Recetas

Pastel de nata y melocotón

Este pastel de nata y melocotón es una de esas recetas que enamoran por su sencillez y resultado final. Su textura suave y cremosa, combinada con el dulzor natural del melocotón, lo convierte en un postre ideal para compartir en cualquier celebración. Además, se prepara en muy poco tiempo y no requiere técnicas complicadas, por lo que es perfecto incluso para quienes no suelen hacer repostería.

Su color, su aroma y su presentación lo hacen especialmente atractivo para poner el broche final a una comida especial, ya sea una celebración familiar o una reunión con amigos.

Ingredientes (6–8 raciones)

  • 1 lámina de masa brisa o masa quebrada.
  • 400 ml de nata para montar.
  • 2 yogures naturales o de melocotón.
  • 3 melocotones maduros (o en conserva bien escurridos).
  • 4 cucharadas de azúcar.
  • 2 huevos.
  • 1 cucharada de maicena.
  • 1 cucharadita de esencia de vainilla.
  • Mantequilla para engrasar.
  • Mermelada de melocotón para dar brillo (Opcional).

Comenzamos preparando la base del pastel. Engrasamos ligeramente un molde con un poco de mantequilla y extendemos en él la masa brisa, ajustándola bien a los bordes. Pinchamos toda la superficie con un tenedor para evitar que se infle durante el horneado. Precalentamos el horno a 180 °C y horneamos la base durante 10 minutos para que quede ligeramente firme.

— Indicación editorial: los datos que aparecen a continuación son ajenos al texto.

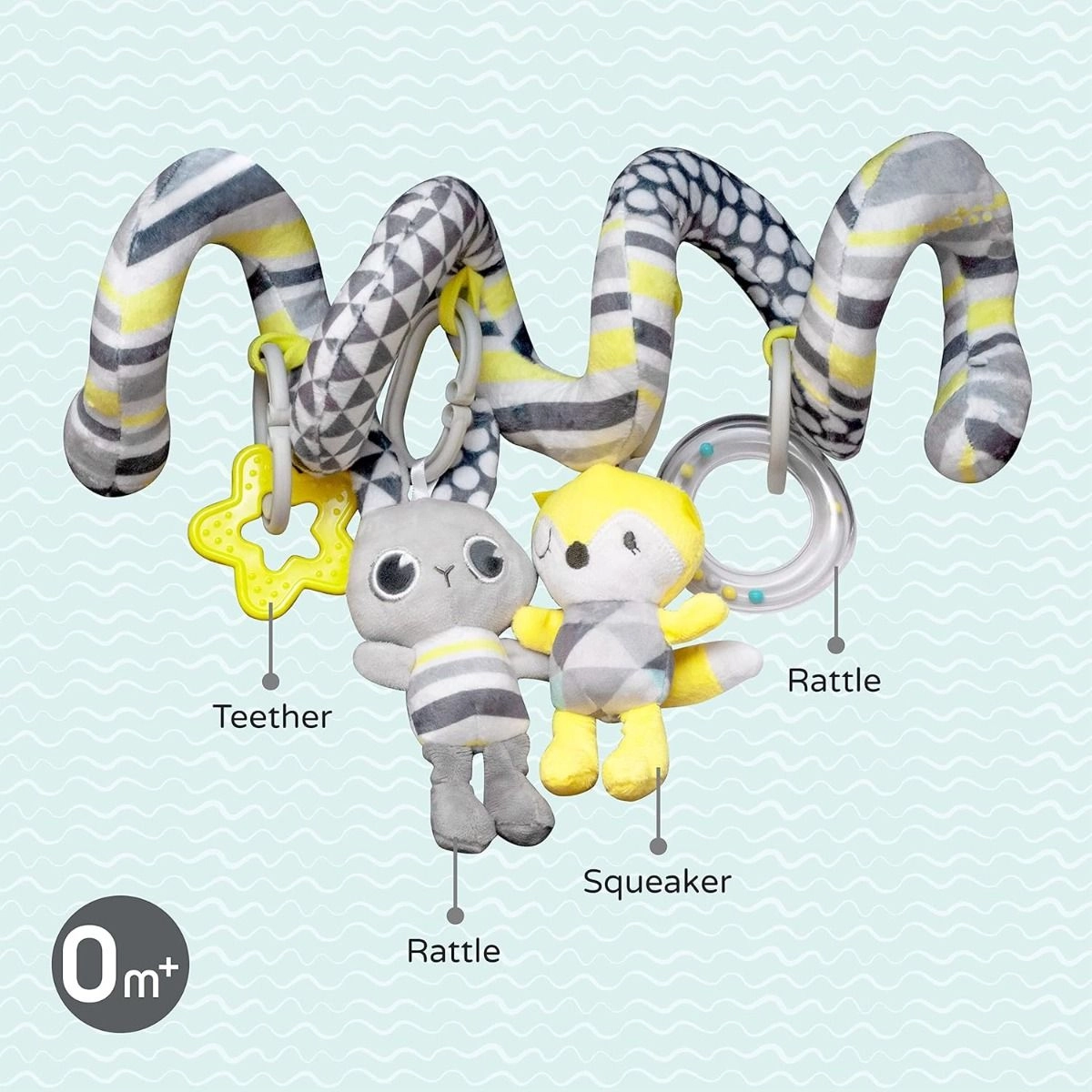 Spiral Activity Hanging Bee Toys - 0 months & above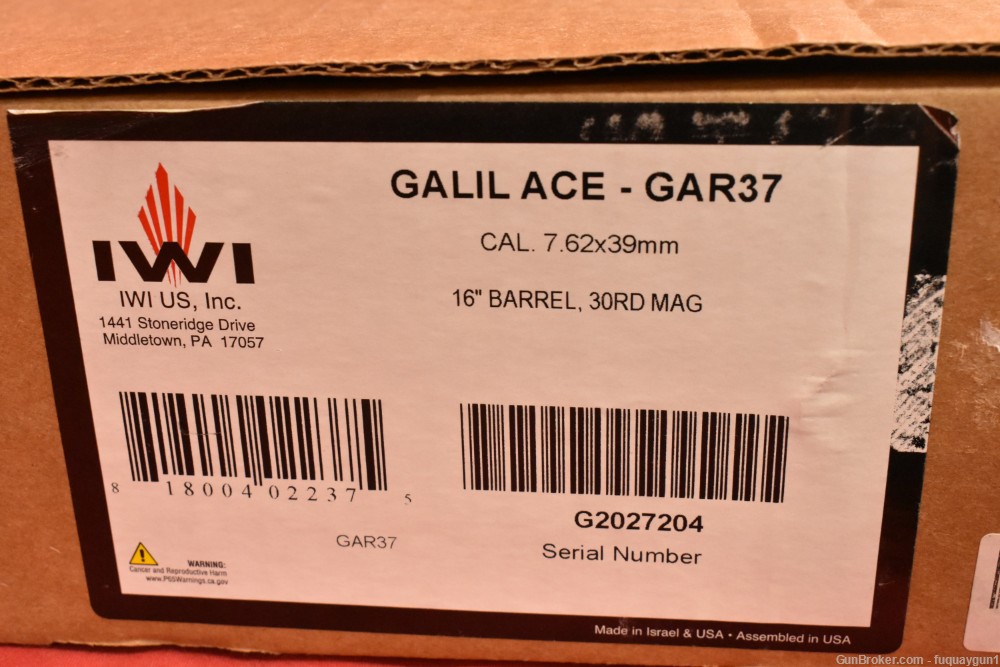 IWI Galil ACE Gen II 7.62x39 16" 30rd GAR37 Magpul CTR Galil-Galil-img-19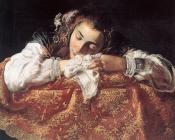 多梅尼科 法蒂 : Sleeping Girl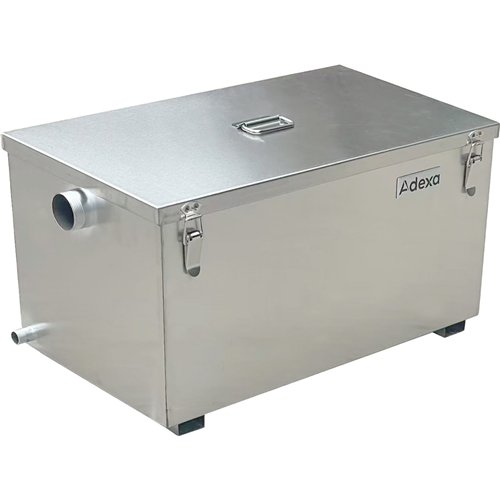 Commercial Stainless Steel Grease Trap with Lid and Outlet Valve 800x400x300mm | Stalwart DA-YLGYC804030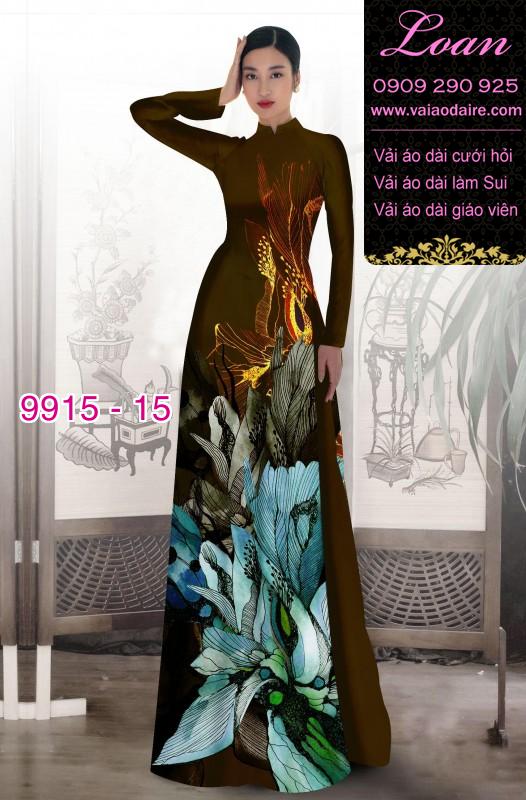 Vải áo dài hoa 3D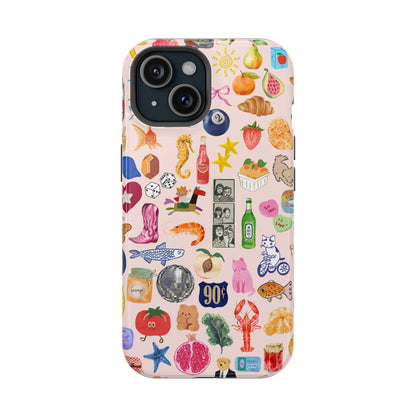 Pink Summer Collage Phone Case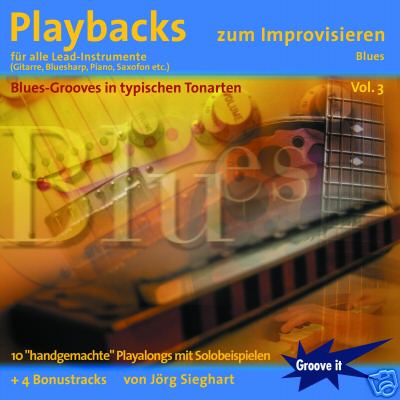 Bundle zum Vorzugspreis: "Playbacks zum Improvisieren Vol.1-3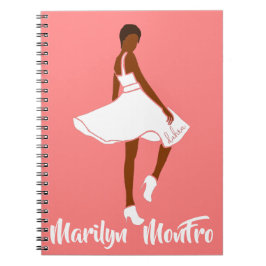 Caderno Espiral Marilyn MonFRO AFRoCA Afro Africa Mulher Negra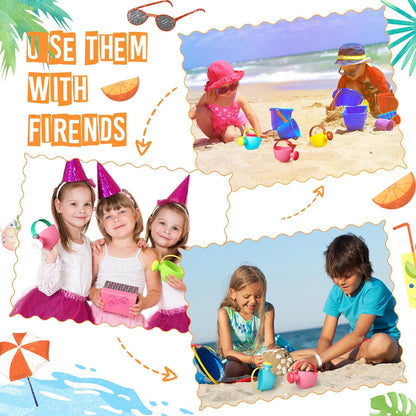 6 Pcs Watering Can Set Small Plastic Beach Watering Can Bath Toy Toddler Gardening Equipment Toy for Girl Boy Beach Outdoor Garden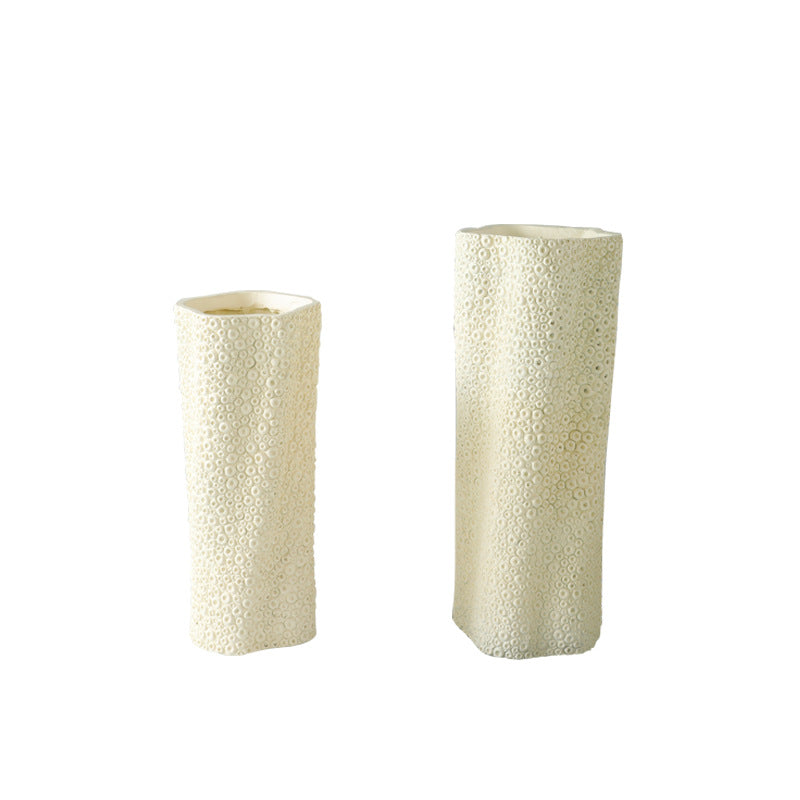 Decorative Textured Flower Vase
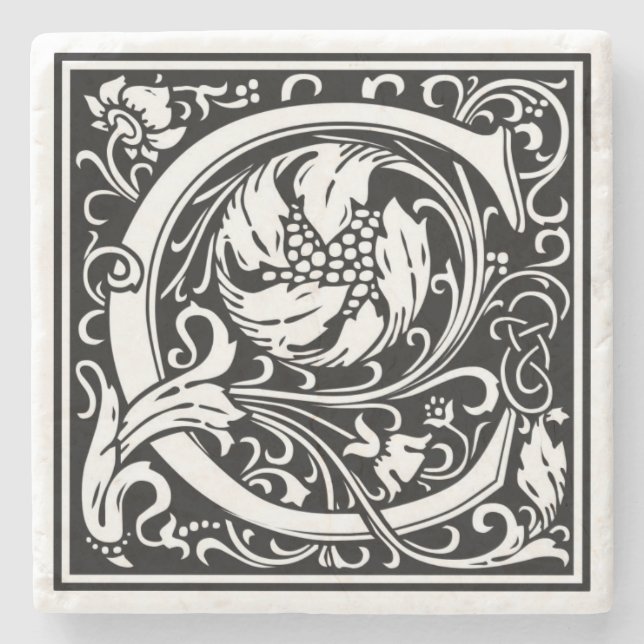 Alphabet Brev C Vintage Stone Underlägg (Framsidan)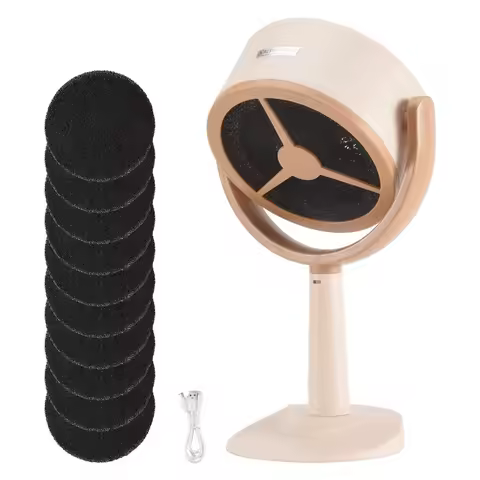 Portable Smoke Purifier Portable Kitchen Exhaust Fan Desktop Range Hoods Removable And Washable Exhaust Fan Easy To Use-AB52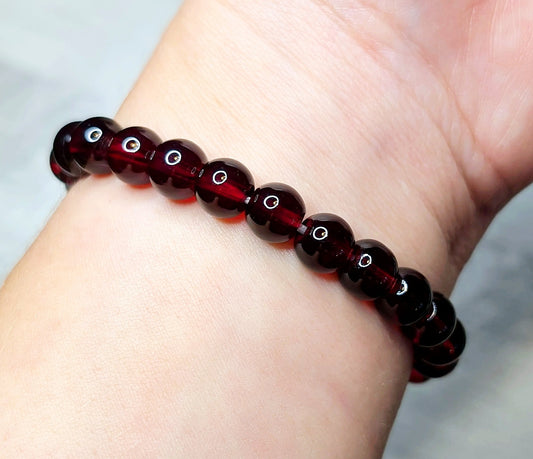 Blood Amber Bracelet
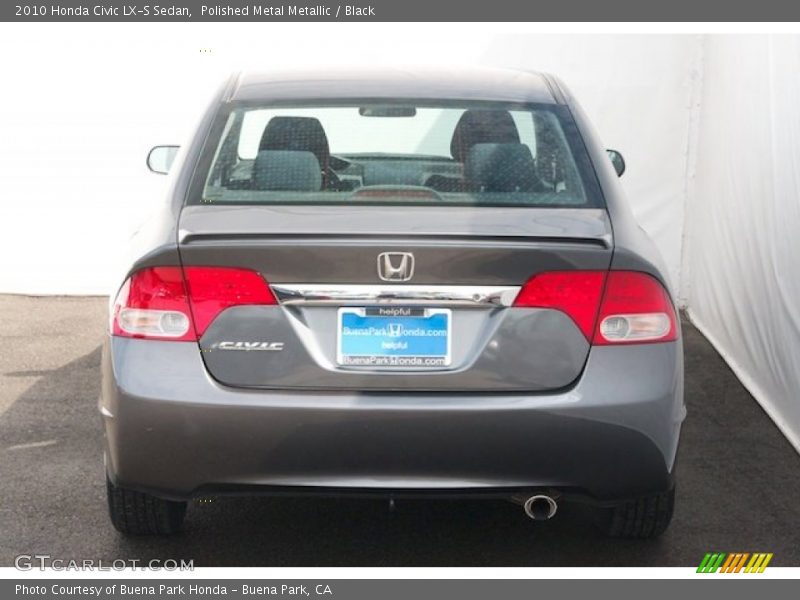 Polished Metal Metallic / Black 2010 Honda Civic LX-S Sedan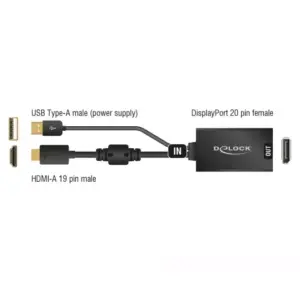 Convertisseur HDMI M > DisplayPort 1.2 F
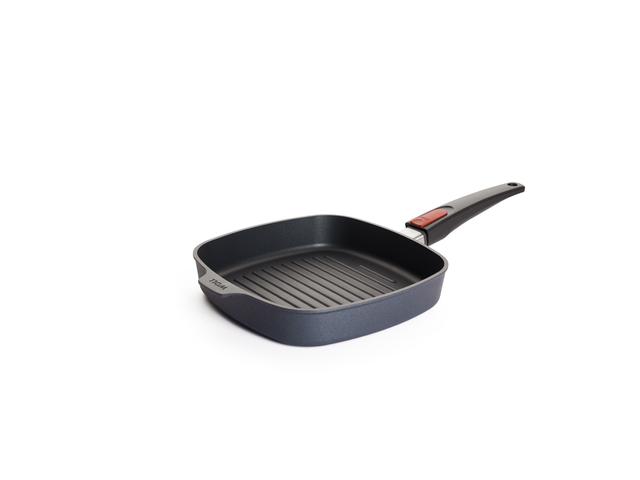 WOLL Diamond Lite Grillpan vierkant inductie met afneembare greep - 240x240x40mm - Zwart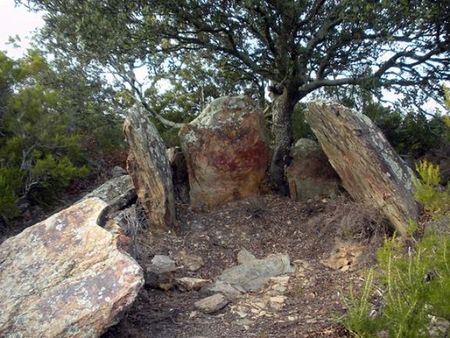 Le dolmen du mas Payrot, à Saint-Michel-de-Llotes.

Mientras tanto, preparamos el relleno. En un cuenco amplio mezclamos la nata con los yogures, el azúcar, los huevos, la maicena y la esencia de vainilla. Batimos con varillas hasta obtener una crema homogénea y sin grumos.

Pelamos los melocotones (si son frescos) y los cortamos en gajos. Si utilizamos melocotón en conserva, recordamos escurrirlos bien para que no aporten exceso de líquido.

Una vez la base esté precocida, vertemos la mezcla de nata y yogur sobre ella. Colocamos encima los gajos de melocotón de forma armoniosa para que el pastel quede más vistoso.

Horneamos durante 35–40 minutos, o hasta que el relleno esté cuajado y la superficie ligeramente dorada. Dejamos enfriar antes de desmoldar. Si queremos un acabado más brillante, podemos calentar una cucharada de mermelada de melocotón y pincelar ligeramente la superficie del pastel.